Dessin présumé du fondateur des Almohades ( Ibn Toumert )
Dynastie musulmane d’origine berbère qui domina l’Afrique du Nord et l’Espagne aux XII et XIIIe siècles, les Almohades almuwaḥḥidūn (étymologie arabe : ) sont issus d’un mouvement religieux appuyé par un groupe de tribus berbères du Haut Atlas marocain .
Le fondateur, né vers 1080, en fut Muḥammad ibn ‘Abdallāh Ibn Tūmart, de la tribu Harġa du groupe des Masmuda. Étudiant en Orient, il subit l’influence des idées théologiques aš ‘arites, du grand docteur G̣azālī et aussi du shī‘isme. De retour au Maghreb vers 1110-1120, il attaqua les mœurs jugées contraires à la loi musulmane et aussi les fuqahā’ (« clergé » des spécialistes en sciences religieuses) mālikites, qui formaient l’armature idéologique du régime almoravide. Il leur reprochait l’abandon de l’étude du Coran et de la tradition, leur juridisme sec et borné, leur conception anthropomorphiste de Dieu et de ses attributs qu’il assimilait au polythéisme.
Il devenait licite de les combattre comme des impies. Rabroué par la foule et pourchassé par le souverain almoravide, il se réfugia dans le Haut Atlas, à Tīnmallal (ou Tīnmāl) vers 1125. Suivant l’exemple du Prophète, il se fit chef d’une communauté qu’il organisa pour l’action politique et militaire au service de ses idées. Il se déclare mahdī et rallie les Harga et une grande partie des Masmūda, tirant parti de l’hostilité de ces paysans montagnards envers les nomades sahariens du groupe Sanhāǧa, soutien des Almoravides. La communauté est soumise à une discipline implacable avec des épurations sanglantes. Elle est dirigée par le mahdī assisté de deux conseils (conseil des Dix et conseil des Cinquante) et administrée par des fonctionnaires.

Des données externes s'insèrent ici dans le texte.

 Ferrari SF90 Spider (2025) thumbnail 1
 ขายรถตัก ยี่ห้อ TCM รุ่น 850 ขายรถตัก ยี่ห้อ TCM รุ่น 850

Les membres payent des impôts et doivent le service militaire. Vers 1122, le mahdī passe à l’attaque et menace Marrakech, capitale des Almoravides. À sa mort en 1130, son disciple ‘Abd al-Mu’min ibn ‘Alī, Berbère arabisé de l’Oranie, lui succède et continue son action. Fès tombe en 1146 et Marrakech en 1147. Après le Maroc, ‘Abd al-Mu’min conquiert tout le Maghreb central et oriental de 1151 à 1160. Appelé dès 1145 en Espagne, il installe son pouvoir en Andalousie occidentale. Son fils Abu Ya‘qūb Yūsuf (1163-1184) vaincra le condottiere Ibn Mardanīš qui tenait le reste de l’Espagne musulmane. Abū Yūsuf Ya‘qūb, dit al-Mansūr (le Victorieux ; 1184-1199), fils de Yūsuf, réussit à maintenir cet Empire qui embrassait l’ensemble de l’Afrique du Nord et de l’Espagne musulmane. Mais les tendances à la dislocation étaient puissantes. ‘Abd al-Mu’min, rompant avec les règles collégiales instituées par le mahdī, avait assuré la succession à sa descendance et pris le titre califien d’amīr al-mu’minīn (prince des Croyants), rejetant la suzeraineté ‘abbāside.
Les tensions allaient s’aggraver entre les cheikh, descendants des membres des premiers conseils almohades (ayant à leur tête Abū Ḥafṣ ‘Umar, compagnon du mahdī, et ses descendants) et les sayyid, de la famille du souverain, sans préjudice des luttes entre ceux-ci. Les Arabes du Maghreb oriental, transportés au Maroc et en Espagne pour servir de soldats, se rendent dangereux par leur turbulence et se joignent aux différents clans en lutte. Les Banū Gāniya, pirates almoravides des Baléares, débarquant au Maghreb oriental en 1184, s’unissent à des tribus arabes pour constituer un vaste foyer d’opposition à l’autorité almohade jusque vers 1226. Les chrétiens d’Espagne surtout mènent la Reconquista avec une énergie croissante. Vaincus à Alarcos en 1195, ils sont victorieux à Las Navas de Tolosa en 1212
La doctrine almohade allait en s’édulcorant. Une phase de persécution (assez peu poussée) contre les fuqahā’ mālikites, les juifs et les philosophes n’a pas de suite. Le calife Muḥammad an-Nāṣir (1199-1214) va jusqu’à répudier la doctrine et à favoriser les chrétiens. L’Empire s’écroule peu après. An-Nāṣir n’avait réussi à garder quelque autorité sur la Tunisie qu’en y déléguant le cheikh Abū Muḥammad, fils d’Abū Ḥafṣ ‘Umar. Son fils rompit avec le calife en 1228. Affaibli par les succès chrétiens, le pouvoir almohade en Espagne est remplacé par des petits royaumes musulmans. Au Maroc, les Banū Marīn (Mérinides), Berbères du groupe Zanāta, s’emparent des villes l’une après l’autre, et donnent le coup de grâce à l’Empire avec la prise de Marrakech (1269
Avant cet écroulement, l’ordre régnant sur la vaste zone hispano-maghrébine avait permis un grand développement de l’industrie et du commerce. Les relations commerciales étaient très actives avec les places chrétiennes, notamment Gênes, Marseille et Pise. L’armée et la marine almohades faisaient de l’Empire, avec les Ayyoubides en Orient, une des plus grandes puissances musulmanes. Le puritanisme du mahdī n’avait pas duré et ses successeurs furent vite gagnés par le goût du confort, du luxe et des arts. L’activité culturelle était intense et, notamment, les philosophes Ibn Ṭufayl et Ibn Rušd (Averroès) brillèrent à la cour almohade.
La musique était cultivée avec passion. L’architecture produisit des chefs-d’œuvre (mosquée de Ḥasan à Rabat, Kutubiyya et mosquée de la Kasba à Marrakech, Giralda de Séville , etc.). L’art almohade en général fut une admirable synthèse, d’une esthétique puissamment originale, d’une tonalité majestueuse, sévère et énergique.